• Exercise prompt:
In the entries below, find the line with "Then place level" and the line with "A number one-half"; copy them and every line between them exactly, but not the pictures.

• Record extracts:
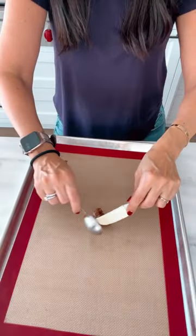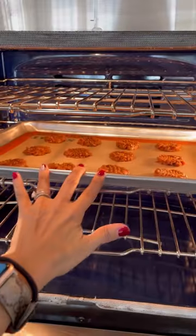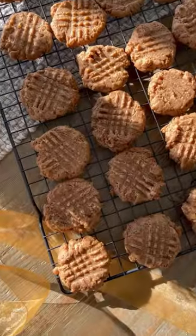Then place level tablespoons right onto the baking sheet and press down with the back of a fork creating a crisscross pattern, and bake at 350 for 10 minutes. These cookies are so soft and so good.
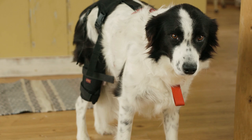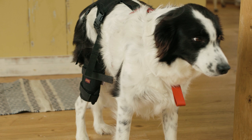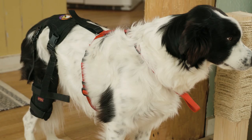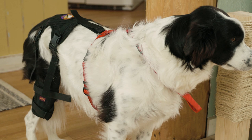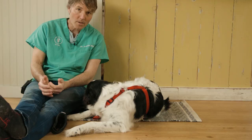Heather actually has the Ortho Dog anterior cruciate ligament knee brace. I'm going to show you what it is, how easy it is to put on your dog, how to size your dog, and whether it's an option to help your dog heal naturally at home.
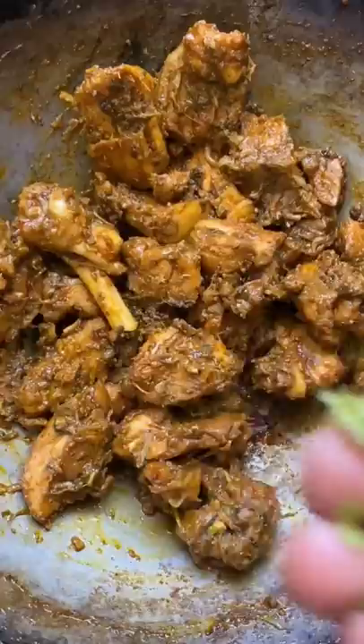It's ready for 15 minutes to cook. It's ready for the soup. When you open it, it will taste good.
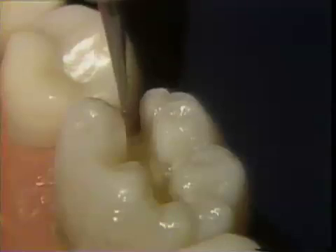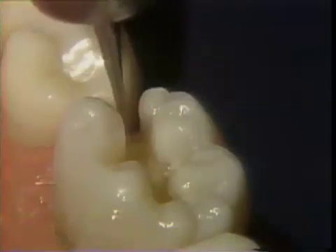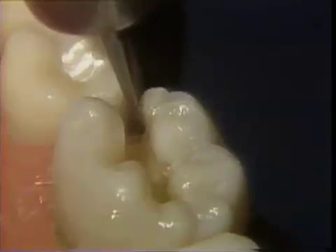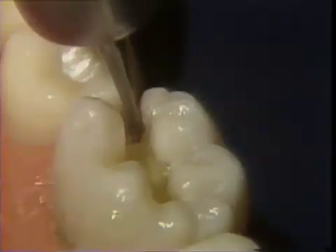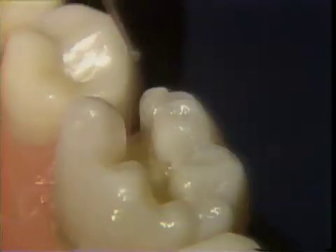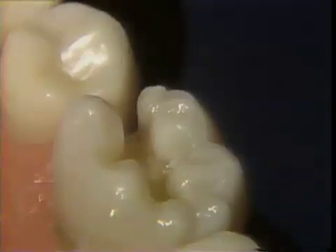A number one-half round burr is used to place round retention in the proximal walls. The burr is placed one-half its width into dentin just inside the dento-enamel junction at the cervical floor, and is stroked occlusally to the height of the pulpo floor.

---

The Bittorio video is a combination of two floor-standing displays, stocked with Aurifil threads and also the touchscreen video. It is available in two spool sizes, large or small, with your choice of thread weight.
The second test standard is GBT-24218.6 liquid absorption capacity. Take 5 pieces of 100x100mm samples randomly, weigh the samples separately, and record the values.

• Answer box:
Then place level tablespoons right onto the baking sheet and press down with the back of a fork creating a crisscross pattern, and bake at 350 for 10 minutes. These cookies are so soft and so good.
Heather actually has the Ortho Dog anterior cruciate ligament knee brace. I'm going to show you what it is, how easy it is to put on your dog, how to size your dog, and whether it's an option to help your dog heal naturally at home.
It's ready for 15 minutes to cook. It's ready for the soup. When you open it, it will taste good.
A number one-half round burr is used to place round retention in the proximal walls. The burr is placed one-half its width into dentin just inside the dento-enamel junction at the cervical floor, and is stroked occlusally to the height of the pulpo floor.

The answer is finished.